Mickaël BOICHOT is currently a PhD student at CEA, supervised by Adrien Roussel and Elisabeth Brunet (Télécom SudParis). His thesis director is Patrick Carribault, HDR Engineer Researcher at CEA.
Mickaël’s thesis topic is the following: “Characterization of parallel applications for porting to multi-GPU systems”. The goal of this thesis is to define if an application can be ported on GPU. The work of porting on GPU is a long and tedious step, it is thus necessary to be able to evaluate if this one will bring beneficial results for the application or not.

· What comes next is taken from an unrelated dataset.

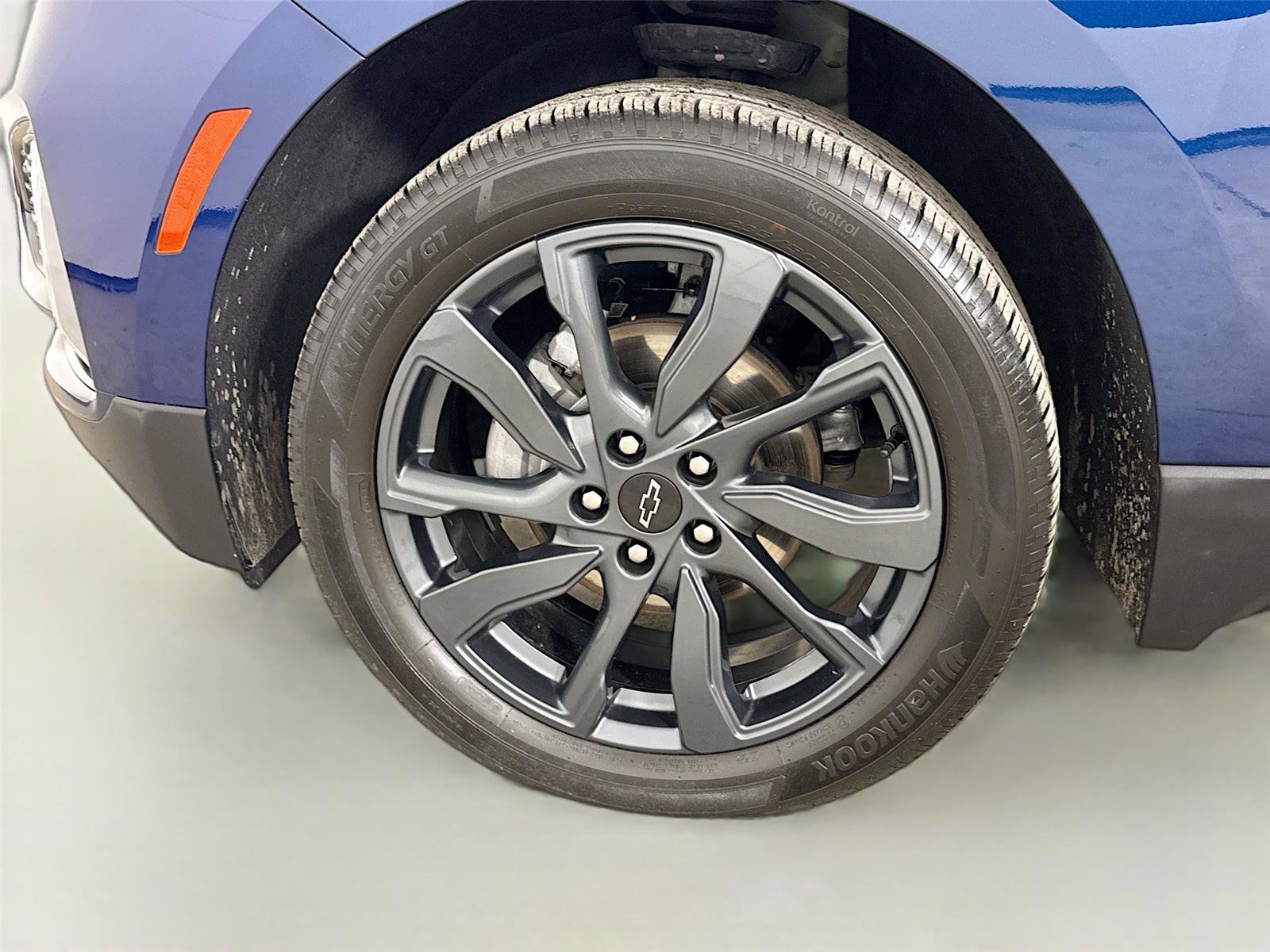 Used 2023 Chevrolet Equinox RS image 30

SIAM CSE 2023 - SIAM Conference on Computational Science and Engineering, 2023
abstract
Abstract
Heterogeneous supercomputers with GPUs are one of the best candidates to build Exascale machines. However, porting scientific applications with millions of lines of code lines is challenging. Data transfers/locality and exposing enough parallelism determine the maximum achievable performance on such systems. Thus porting efforts impose developers to rewrite parts of the application which is tedious and time-consuming and does not guarantee performances in all the cases. Being able to detect which parts can be expected to deliver performance gains on GPUs is therefore a major asset for developers. Moreover, task parallel programming model is a promising alternative to expose enough parallelism while allowing asynchronous execution between CPU and GPU. OpenMP 4.5 introduces the « target » directive to offload computation on GPU in a portable way. Target constructions are considered as explicit OpenMP task in the same way as for CPU but executed on GPU. In this work, we propose a methodology to detect the most profitable loops of an application that can be ported on GPU. While we have applied the detection part on several mini applications (LULESH, miniFE, XSBench and Quicksilver), we experimented the full methodology on LULESH through MPI+OpenMP task programming model with target directives. It relies on runtime modifications to enable overlapping of data transfers and kernel execution through tasks. This work has been integrated into the MPC framework, and has been validated on distributed heterogeneous system.